Bij het schakelen van grote vermogens is het hoofdprobleem het elimineren van vonkenoverslag tijdens het maken en breken van de contacten. Dit geldt in principe voor alle soorten schakelaars, of dit nu relais- dan wel tuimelcontacten zijn.

De "contact-bounce" (het denderen van de contacten) heeft hier alles mee te maken; het is een mechanisch probleem. Zoals uit figuur 1 blijkt staan het relais en de triac parallel. Een triac mag korte tijd zwaar worden overbelast, waarvan dan ook dankbaar gebruik wordt gemaakt.

In het schema is sprake van een relais met 5 A contacten en een 8 A triac.
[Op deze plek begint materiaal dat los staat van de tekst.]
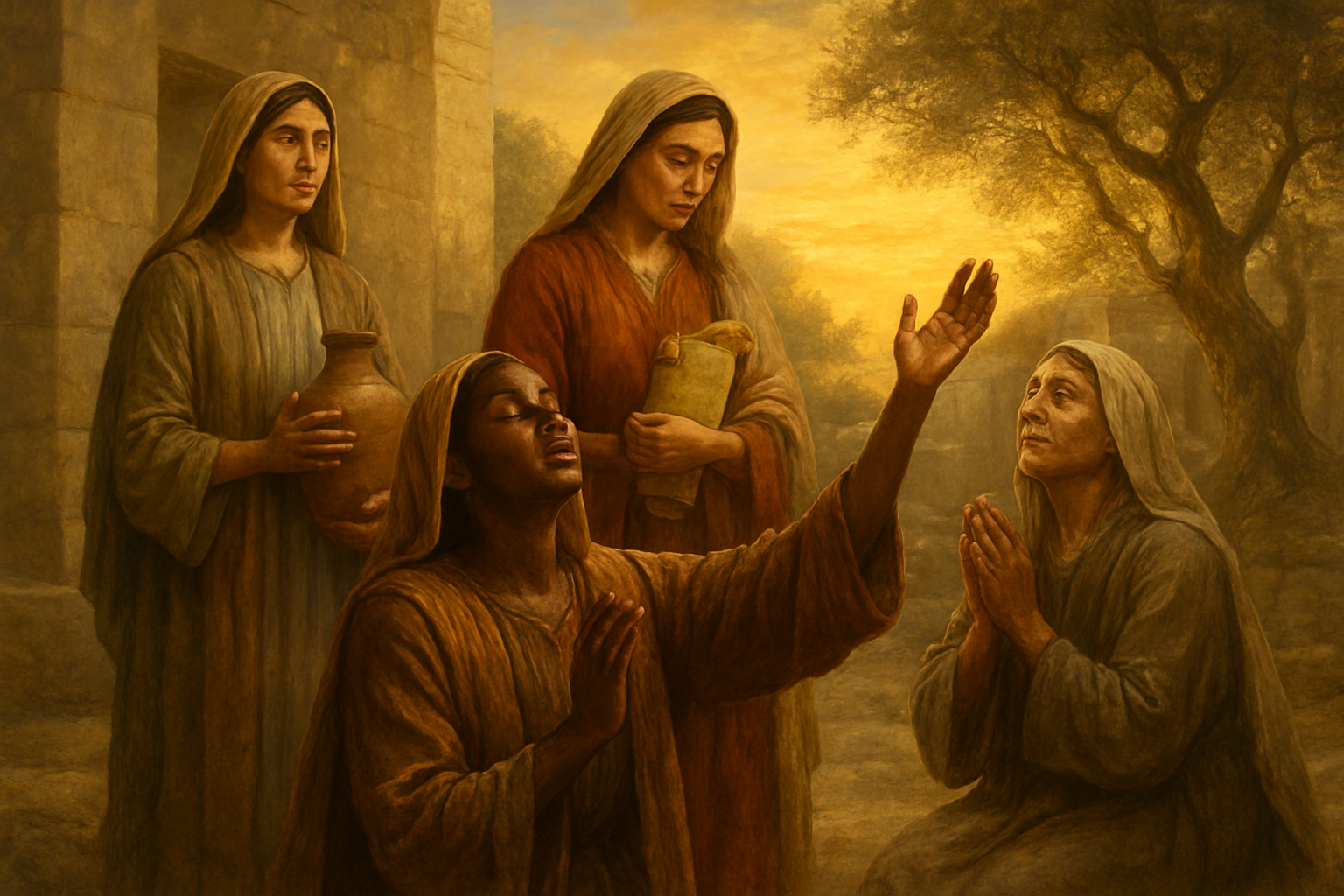 Create a realistic image of a diverse group of women from biblical times showing extraordinary faith and sacrifice, featuring women of various ethnicities including Middle Eastern, African, and Mediterranean backgrounds, wearing traditional ancient robes and head coverings in earth tones, some kneeling in prayer with hands raised toward heaven, others holding clay jars or scrolls, set against a warm golden sunset backdrop with ancient stone architecture and olive trees, conveying a sense of devotion, strength, and spiritual reverence through their postures and expressions, with soft warm lighting creating an atmosphere of sacred dedication and divine connection. Absolutely NO text should be in the scene.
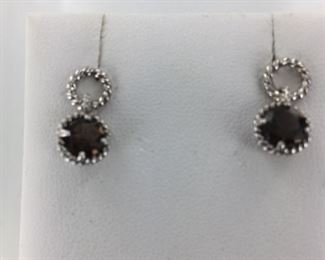 SS smoky quartz earrings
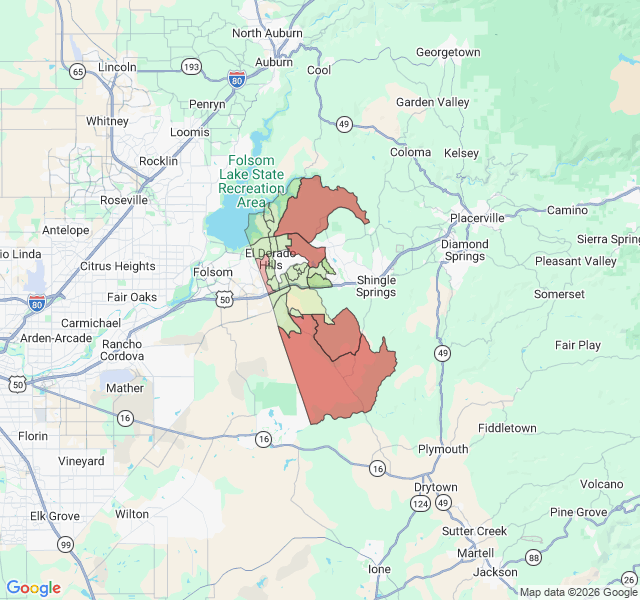 Map of septic coverage in El Dorado Hills, CA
Ze maken het samen mogelijk 50 A te schakelen! U leest het goed vijftig Ampere. Door S1 te sluiten worden het relais en de triac bekrachtigd. Het relais heeft 15 milliseconden nodig om op te komen, "contact-bounce" stromen boven 5 A zouden reeds een daverende vonkenregen veroorzaken. De triac is echter aanmerkelijk snelleribij de eerste positieve periode duurt het slechts een microseconde, voordat de triac volledig geleidt. Bij een netfrequentie van 50 Hz duurt dit ongeveer 10 milliseconden. Dit houdt in dat het relais tenminste 5 milliseconden trager is, waardoor de vonken niet meer voorkomen. Zodra RLA1 is gesloten, is de triac verder buiten werking, totdat het relais afvalt. Bij opening van S1 valt het relais af, maar de triac blijft nog geleiden omdat C1 nog steeds is geladen. Nadat de lading van C1 via R1 en R2 naar de gate van de triac is weggevloeid stopt ook deze met geleiden. De minimum afschakeltijd van de triac is 1 microseconde, maar kan door wijziging van de R en C worden verlengd.

De hier toegepaste triac is de MAC 6-3 van Motorola.

G.J. Ritman, PA-1746.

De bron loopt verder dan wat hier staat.